Le sorelle di Cenerentola
Ho conosciuto le sorelle di Cenerentola. Sono proprio come nella fiaba. Una era bruna, un poco formosa, succube del suo stesso sangue e sempre zitta. L’altra era alta, dai capelli biondi a spinaccio, magra, logorroica e con due vite perché si viveva la propria e quella della sorella. Le ho incontrate perché sono venute a trovare il principe che e’ un mio amico. Volevano farsi notare in previsione del ballo, senza sapere che da qualche giorno il principe sgattaiolava via dalle reali stanze per andare da(lla) Cenerentola appena incontrata. La corte al completo era a conoscenza delle reali manovre, ma non loro. Il mio amico principe, dalle maniere gentili, ha avuto del filo da torcere nel gestire le due sorellastre, Cenetentola e l’altra giovane amica anche lei arrivata per godere dei regi privilegi, ma essendo abituato alla corte di donne se l’e’ cavata egregiamente uscendone con la propria immagine perfettamente vergine. Ma non fatemi dilungare sul principe che voglio raccontare delle due sorellastre. Scusami principe so che ami la ribalta, ma hai già avuto il tuo momento. Dicevo…. Erano proprio due donne spaventose soprattutto per i loro volti. Avevano rughe che rendevano i loro tratti bitorzoluti; mancava il sorriso e gli occhi erano profondamente arrabbiati.
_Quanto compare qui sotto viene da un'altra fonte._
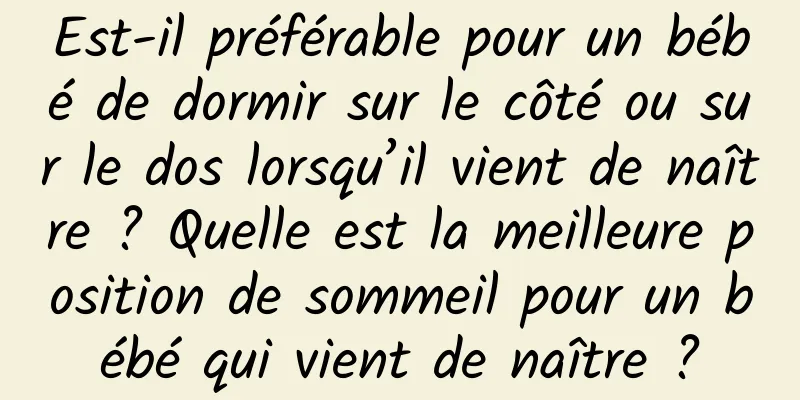 Est-il préférable pour un bébé de dormir sur le côté ou sur le dos lorsqu’il vient de naître ? Quelle est la meilleure position de sommeil pour un bébé qui vient de naître ?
Mi ha così spaventato guardarle che sono scappata lontano. Non ho retto alla vista di donne offese da se’ medesime. Poi sono tornata, per educazione, e le ho ascoltate parlare. Più loro pronunciavano parole più io mi chiudevo per non farmi colpire dai significati delle frasi tanto erano banali e grette. Mi sono talmente alienata che il mio amico Lorenzo mi ha chiamato più volte preoccupato che stessi male. Ma io non stavo male, soffrivo nel vedere la femminilità delle donne offesa e resa banale in quel modo. Per la prima volta nella vita ho capito il vero significato della fiaba che non e’ vivere felici e contenti, ma imparare a scegliere che tipo di donne essere prima che la vita passi. Io in quelle rughe invecchiate senza grazia ho visto la vita gretta. Mi ha talmente mortificato ciò che ho letto sui loro volti e ascoltato nelle loro bocche da dovermi definitivamente allontanare. Però da distanza di sicurezza voglio chiedere a queste due donne ciò che anche Leopardi chiese:
“ Donne, da voi non poco La patria aspetta; e non in danno e scorno
Dell’umana progenie al dolce raggio
Delle pupille vostre il ferro e il foco
Domar fu dato. A senno vostro il saggio
E il forte adopra e pensa; e quando il giorno Col divo carro accerchia, a voi s’inchina. Ragion di nostra etate
Io chieggio a voi. La santa
Fiamma di gioventù dunque si spegne
Per vostra mano? Attenuata e franta
Da voi nostra natura? E le assonnate
Menti, e le voglie indegne,
E di nervi e di polpe
Scemo il valor natio, son vostre colpe?”
Loro non sapranno mai dare risposta, ma io lo so fare. La risposta alla tua domanda Giacomo e’: Si!